I heard a lot of people on Twitter who believed their tweeting about the Davis case constituted activism on the level of the actions, risks and sacrifices (including their lives) made by young Americans during the Civil Rights Movement. A few people actually compared their persistent and passionate tweeting about Troy Davis to lunch counter sit-ins by students in Greensboro, North Carolina and other parts of the South in the 1960s. My response to that line of thinking: don’t be ridiculous. Unless riot cops were waiting outside to bust your head wide open to stop your Troy Davis tweets, just stop it.
Too many people–including many celebrities–who rail against the justice system when there are high-profile cases like those of Troy Davis and Casey Anthony in the news, believe that it’s not worth their time, and even beneath them, to serve jury duty when called. (Reminds me of all the celebrities pushing get-out-the-vote campaigns a few years ago who were embarrassed when it was revealed that they themselves had never voted, and in many cases, had never even registered to do so.) If you really care about the justice system and how it operates, you wouldn’t skip jury duty, nor would you need tweets from Kardashian (who naively tweeted the notion that Davis’ life could be spared if he was only allowed to take a polygraph test) or any other celebrity to take action. (Note: Just because a person has 9.9 million followers on Twitter doesn’t mean that person knows what they’re tweeting about.)
What will you do now that Davis is gone? What about the other 3,000 plus people slated for execution? Will you write a check or volunteer for organizations such as Amnesty International and The Innocence Project?
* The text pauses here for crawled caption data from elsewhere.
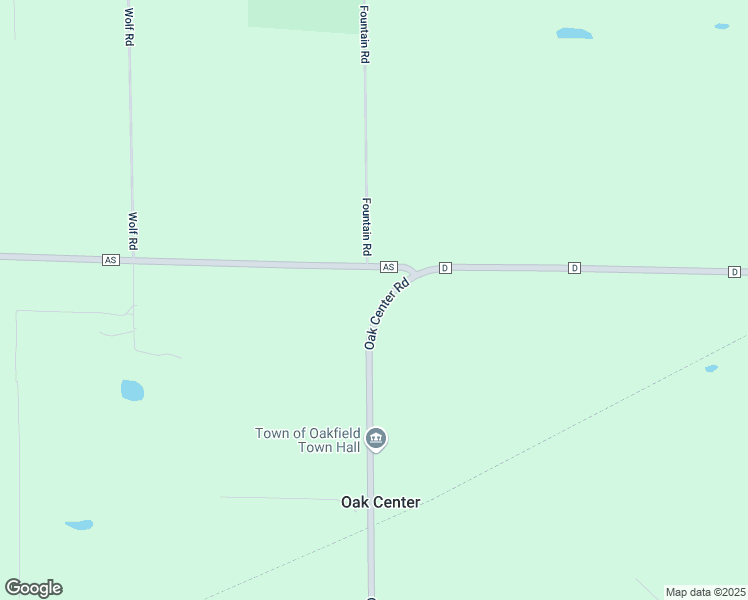 map of restaurants, bars, coffee shops, grocery stores, and more near N3462 Oak Center Road in Oakfield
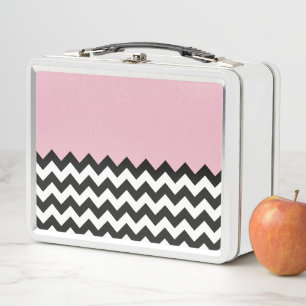 Lunch Box Motif Zigzag noir et blanc, Chevron, rose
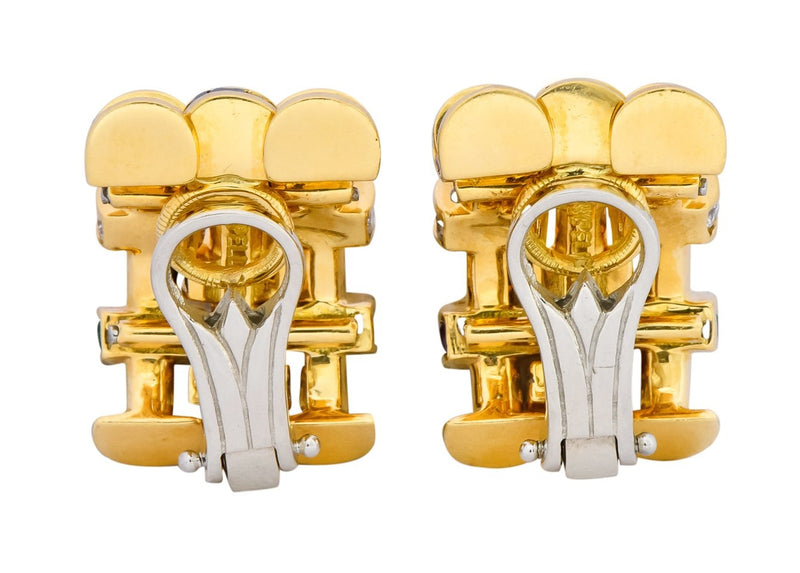 Charles Krypell 4.40 CTW Sapphire Ruby Emerald Diamond 18 Karat Gold Ear-Clip Earrings - Wilson's Estate Jewelry
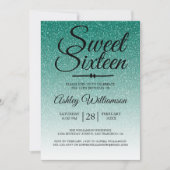 Chic Emerald Green Glitter Ombre Sweet 16 Verjaard Kaart (Voorkant)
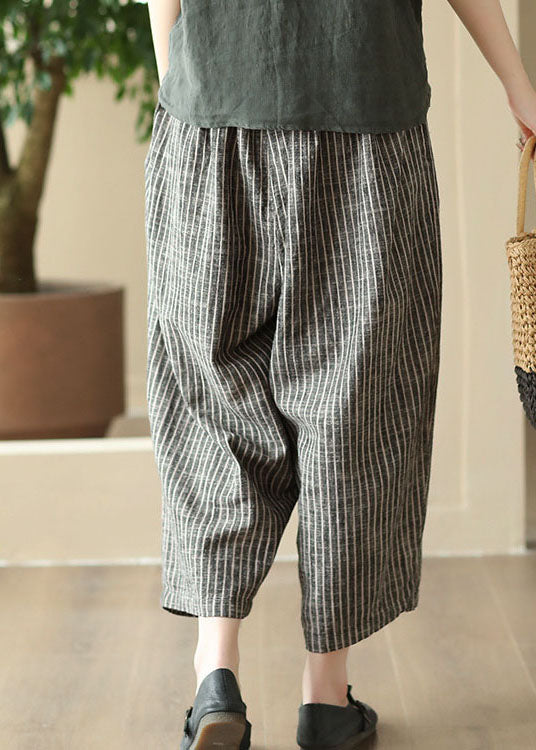 Art Striped Pockets Elastic Waist Patchwork Linen Pants Summer LY4997 - fabuloryshop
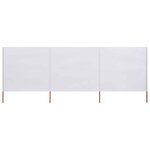 vidaXL Paravent 3 panneaux Tissu 400 x 80 cm Blanc sable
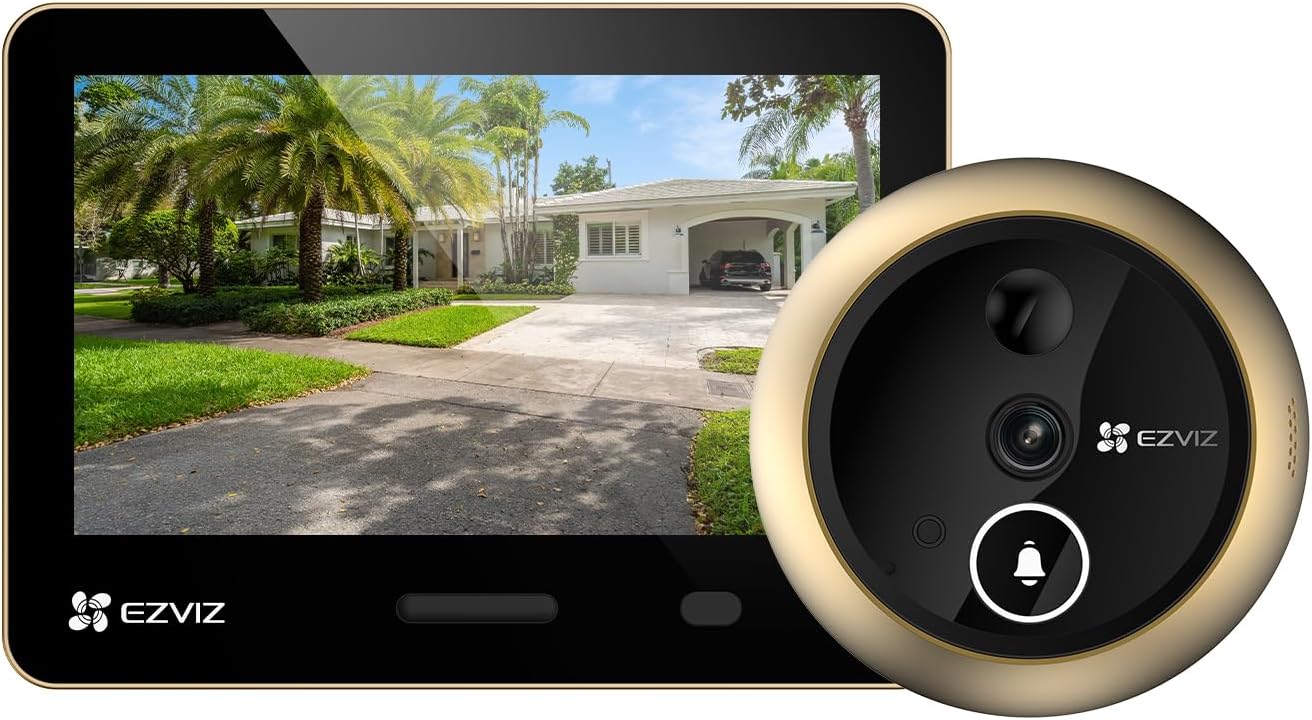 EZVIZ EP4 Spioncino Digitale WiFi 4K con Schermo Touch da 5,5", Batteria 7100mAh, Riconoscimento Facciale AI, Audio Bidirezionale, Visione Notturna, Rilevamento PIR, Supporta MicroSD 512GB, Oro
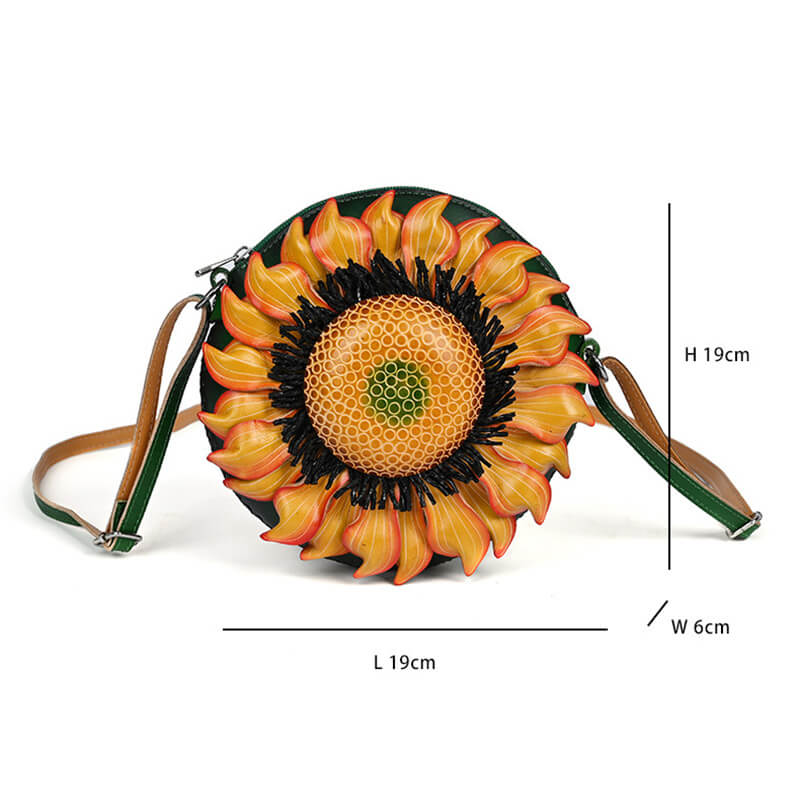 Damen Umhängetasche rund Leder mit Sonnenblume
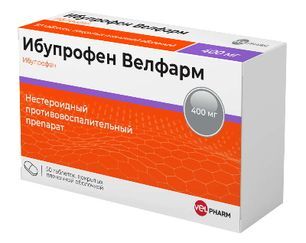 Ибупрофен Велфарм 400мг 50 шт. таблетки покрытые пленочной оболочкой Ибупрофен Велфарм 400мг 50 шт. таблетки покрытые пленочной оболочкой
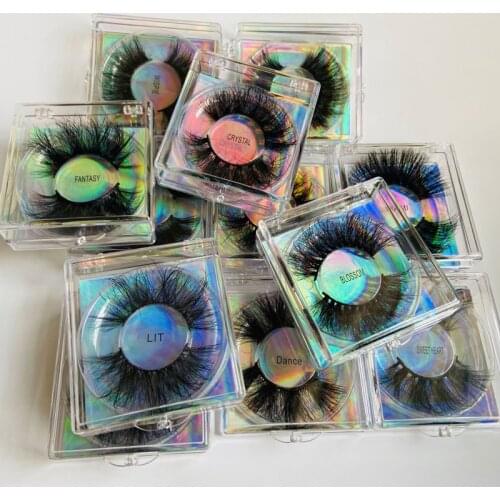 YioWio Fluffy 25MM Sexy Mink Eyelashes Cilios Makeup Ciglia Finte Long Mink Lashes Vendor Wholesale Logo Printing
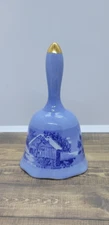 Currier and Ives Dinner Bell The Old Homestead in Winter 1977 Blue Porcelain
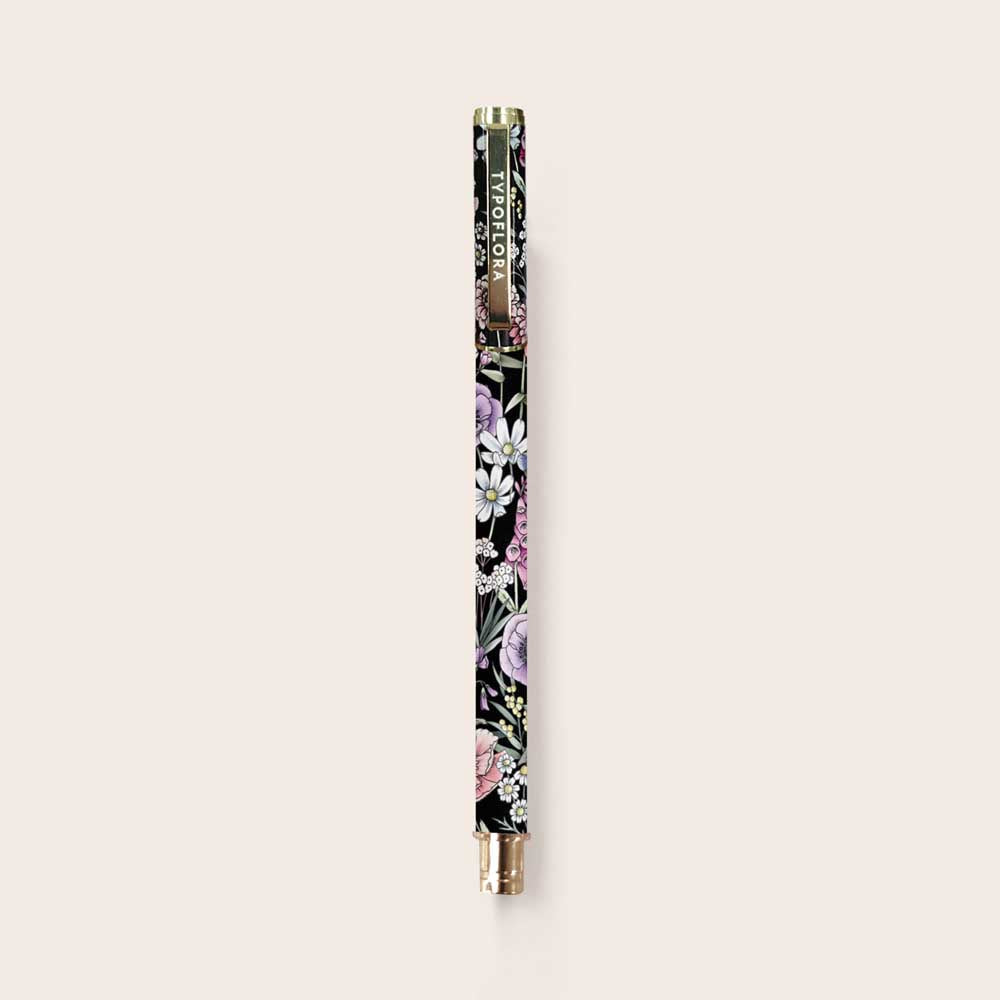 TYPOFLORA: Rollerball Pen | Flower Field In Black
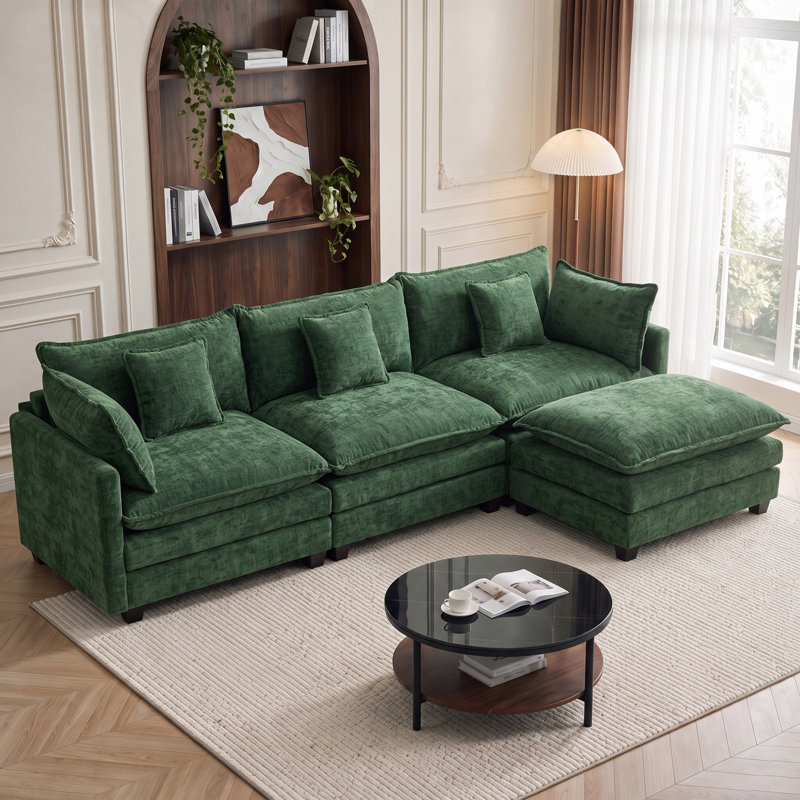Upholstered " Chenille Sofa, 102"L, Green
Will you make a candidate’s position on death penalty reform a key condition of whether or not they will get your vote or your campaign contribution? Will you take the time to educate yourself about how the American criminal justice system works–and doesn’t work? Will you engage our youth and, as film producer Will Packer tweeted yesterday, urge them “to never do anything to put themselves at the mercy of the justice system”? Will you do something besides retweet or repost?
Social media activism does not take place while you are on Twitter or Facebook. It’s about more than turning a cause into a trending topic. It’s what you do with your time, money, energy and relationships once you’ve signed off, in the real world, that is the true measure of your activism. Anything less is just smartphone activism, an insult to those, both past and present, who really risked and sacrificed for the causes they believe in. Social media can’t save people. Only active, committed, informed and engaged people can do that.